In the present system, it is clear that the threshold score of the EPL is approximately 9.5 steps and the defending professionals can conclude that the system in their network is relatively safe from exploits only for the next 21 days as EPL score is above the threshold value.
It is also clear that any vulnerability that exists creates a threat to the computer system and the risk of probable exploitation will increase over the time of its existence without being patched. In other words, for a particular network system, a higher Expected Path Length for an attacker to reach a goal state represents more difficulty for the hacker and would be reasonable to assume that the attacker has to face many defending measures with a higher Expected Path Length compared to a smaller Expected Path Length. Now, using the probabilistic models that we have developed in our previous studies, using the Vulnerability Life Cycle approach   enables us to develop a time dependent stochastic models so that we could extend their application to develop a relevant and well defined process of monitoring the behavior of threats. Thus, our proposed analytic process illustrates its capability of estimating a Risk Index as a function of the attacking time for a given computer system with known vulnerabilities.
Figure 4. Behavior of expected path length over time.
Table 3. Expected path length relative to number of days after first attack.
In the present study, we have developed a nonhomogeneous stochastic model for predicting the Expected Path Length (EPL) of a computer network system with a given set of vulnerabilities at time “t”.
Knowing EPL as a function of time is extremely important in developing defending strategies for not being exploited. Such strategies will reduce the likelihood of the computer network system being hacked.
As we observe the behavior of the EPL over the time, it is possible to identify the time ranges where EPL reached a minimum. Small EPL implies higher chance for a hacker to be successful. In other words, a computer network system is more vulnerable to be exploited on the days where the EPL is the smallest. On such time “t”, vulnerabilities and the system are hence more susceptible to be hacked. The same scenario from an attacker’s point of view can be explained. That is, on the days where EPL is at its smallest, the likelihood of making a successful attack attempt is higher. Therefore, an attacker (hacker), who identifies the set of vulnerabilities in a given computer system would put more attempt on exploiting the system on such date where the EPL is at its smallest. This means that we can use this method as a prediction method of attacking (hacking) time.
By knowing this time for any computer network system, security engineers or IT architects can take the necessary actions in advance to protect their computer system.
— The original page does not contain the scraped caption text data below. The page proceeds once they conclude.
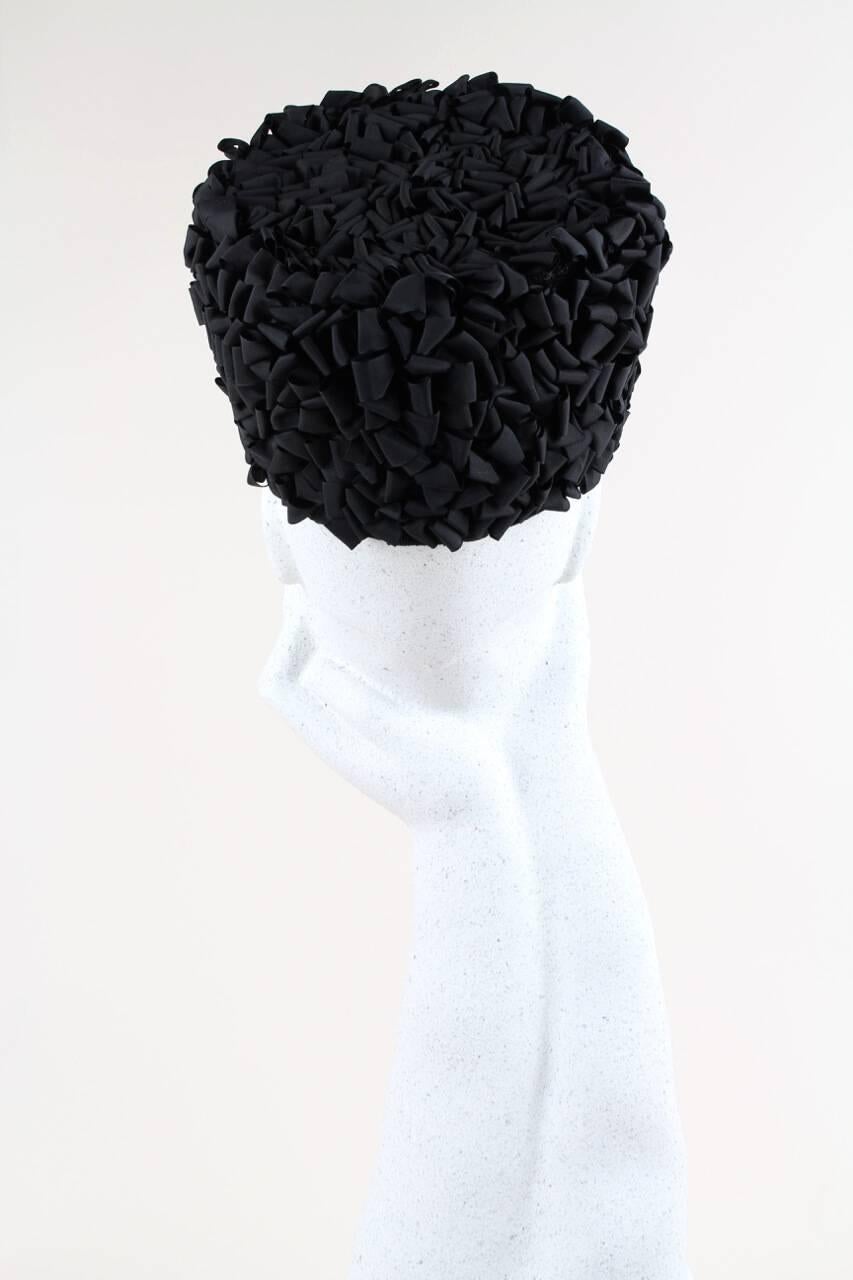 Dies ist ein ungewöhnlicher und raffinierter handgefertigter schwarzer Pillenbox-Hut aus den 1960er Jahren. Die Basis besteht aus schwarzem, versteiftem Tüll, der vollständig mit schwarzen, von Hand aufgenähten Taftschleifenbändern bedeckt ist. Die
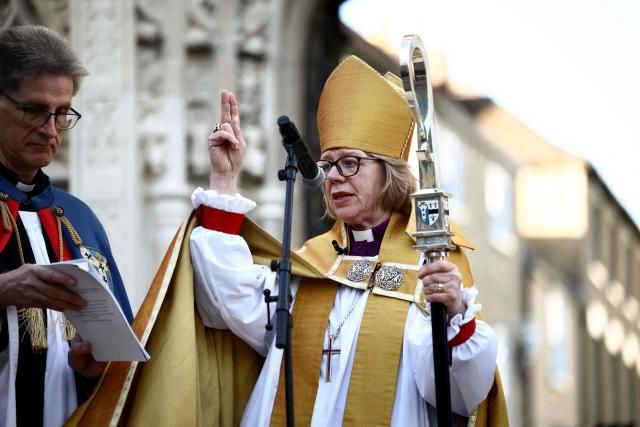 Archbishop of Canterbury Sarah Mullally blesses the crowd at Buttermarket following her installation ceremony at Canterbury Cathedral, south-east England on March 25, 2026. The Church of England became Britain's state establishment church following King Henry VIII's split from the Roman Catholic Church in the 1530s. The British monarch is its supreme governor, while the Archbishop of Canterbury is seen as the spiritual leader of Anglicans worldwide. (Photo by Henry NICHOLLS / AFP)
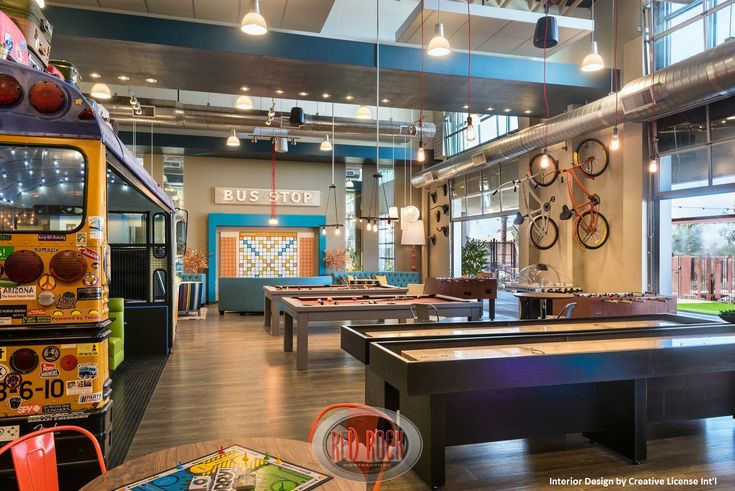 an indoor recreation room with ping pong tables and bikes on the wall behind it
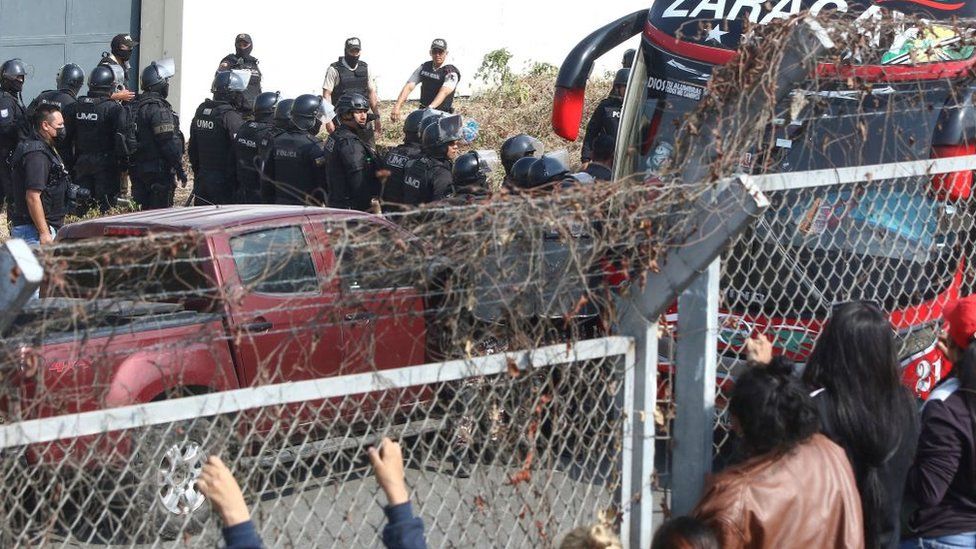 National police officers transfer inmates from the Guayas 1 prison in response to an attempted prison riot in Guayaquil, Ecuador, on November 3, 2022.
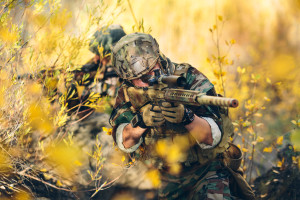 Airsoft sniper and spotter in the field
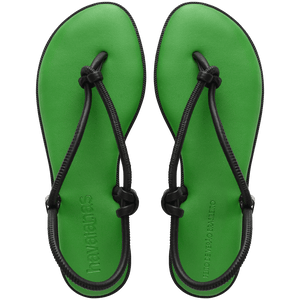 Women's green sole sandal with black straps top view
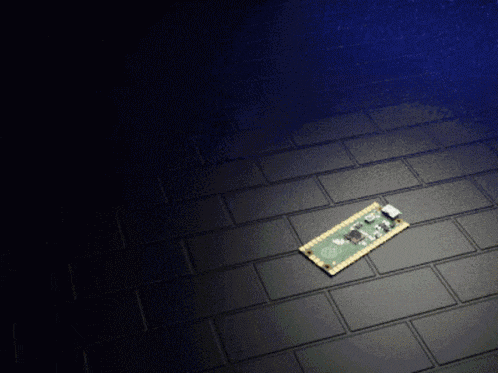 a small electronic device is laying on a black tiled floor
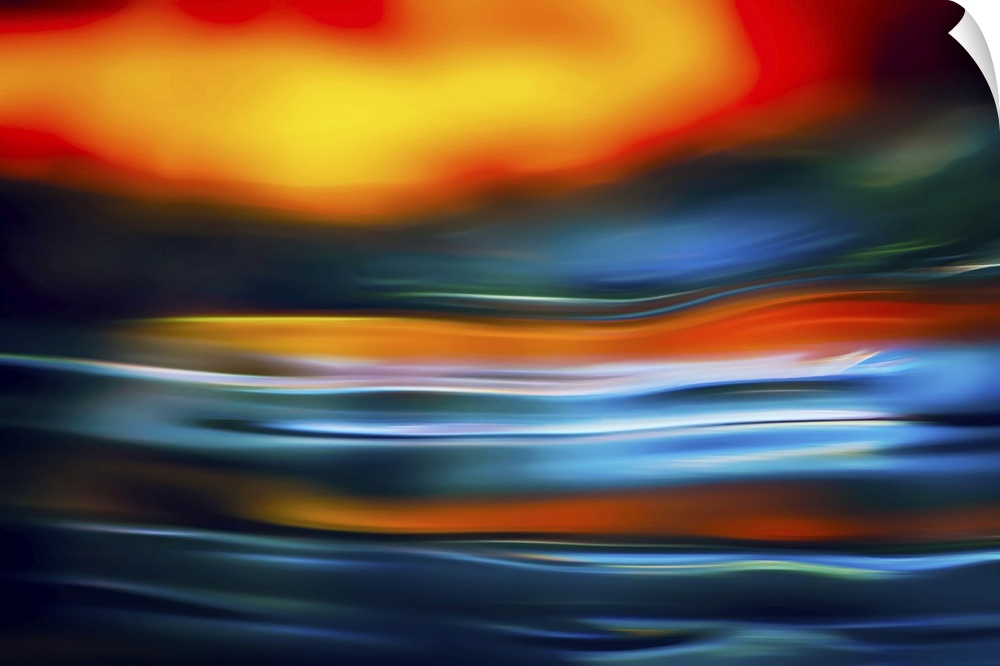 Studio shot of water reflecting colors. This is an abstract representation or impression of a dramatic sunset, when it loo...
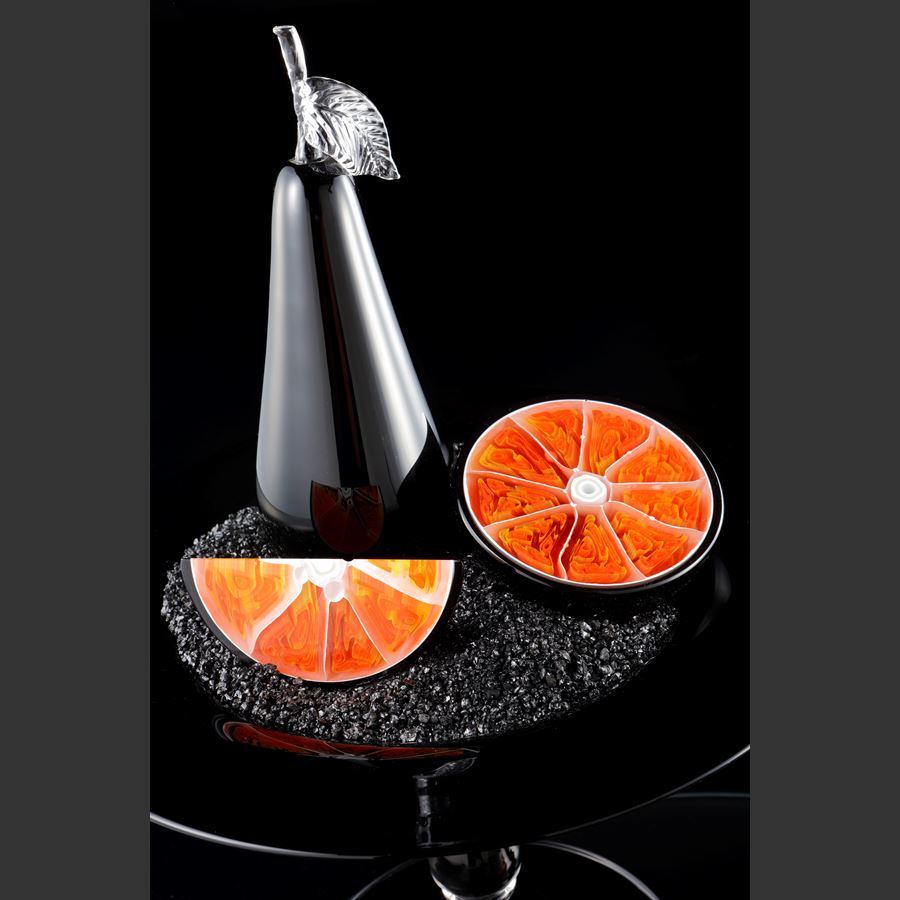 still life artwork in black carbon and orange made from handblown and sculpted glass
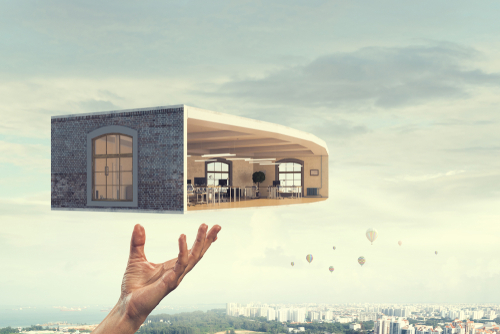 Floating architecture above cityscape
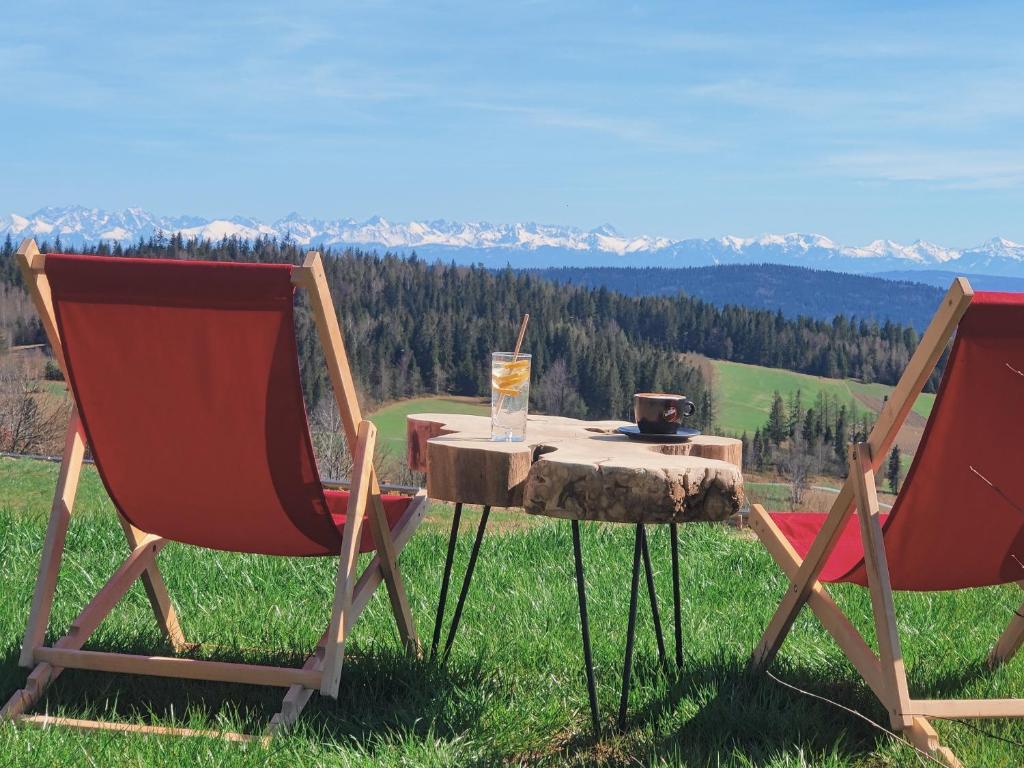two chairs and a table with a drink on it at Wrzosowy Dwór - SPA in Skomielna Czarna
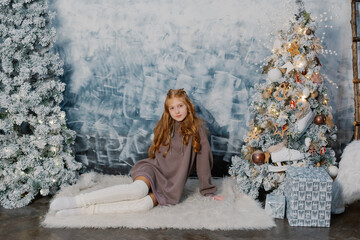 Beautiful teenage girl on the floor by the Christmas tree.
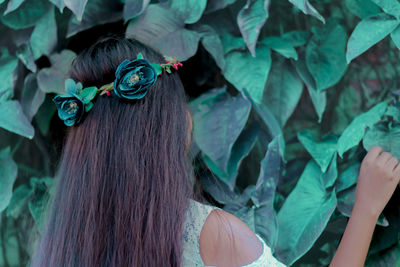 Rear view of woman with leaves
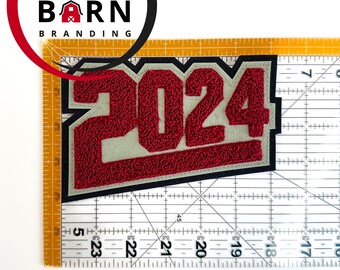 May include: Red and white 2024 patch with a black outline. The patch is made of a fuzzy material and is about 12.5 cm wide.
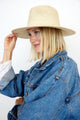 Model wearing tan perforated and vented sun hat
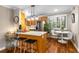 Bright eat-in kitchen featuring a breakfast bar, stainless steel appliances, and modern lighting at 1990 Wellbourne Dr # 5, Atlanta, GA 30324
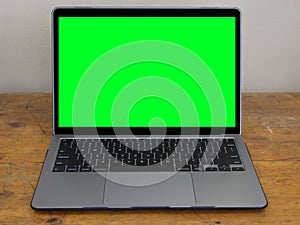 Modern Laptop Computer with Green Screen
Finally, we have developed our methodology based on a typical computer network system that exists in a real world situation with given vulnerabilities that identifies the EPL and actual time that the subject computer system could be exploited. Thus, industry can apply the developed methodology in their own computer network system with a given (known) vulnerabilities to predict the EPL and most probable time of being exploited.